## REQUIRED WORK
Write out all the data below exactly.

## SUPPLIED INFORMATION

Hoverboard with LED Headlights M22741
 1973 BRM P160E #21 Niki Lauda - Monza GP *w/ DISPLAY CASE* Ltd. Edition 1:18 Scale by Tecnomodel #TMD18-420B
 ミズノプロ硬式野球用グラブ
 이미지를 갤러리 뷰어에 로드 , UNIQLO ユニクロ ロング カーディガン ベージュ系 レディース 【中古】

## TASK RESULT
Hoverboard with LED Headlights M22741
 1973 BRM P160E #21 Niki Lauda - Monza GP *w/ DISPLAY CASE* Ltd. Edition 1:18 Scale by Tecnomodel #TMD18-420B
 ミズノプロ硬式野球用グラブ
 이미지를 갤러리 뷰어에 로드 , UNIQLO ユニクロ ロング カーディガン ベージュ系 レディース 【中古】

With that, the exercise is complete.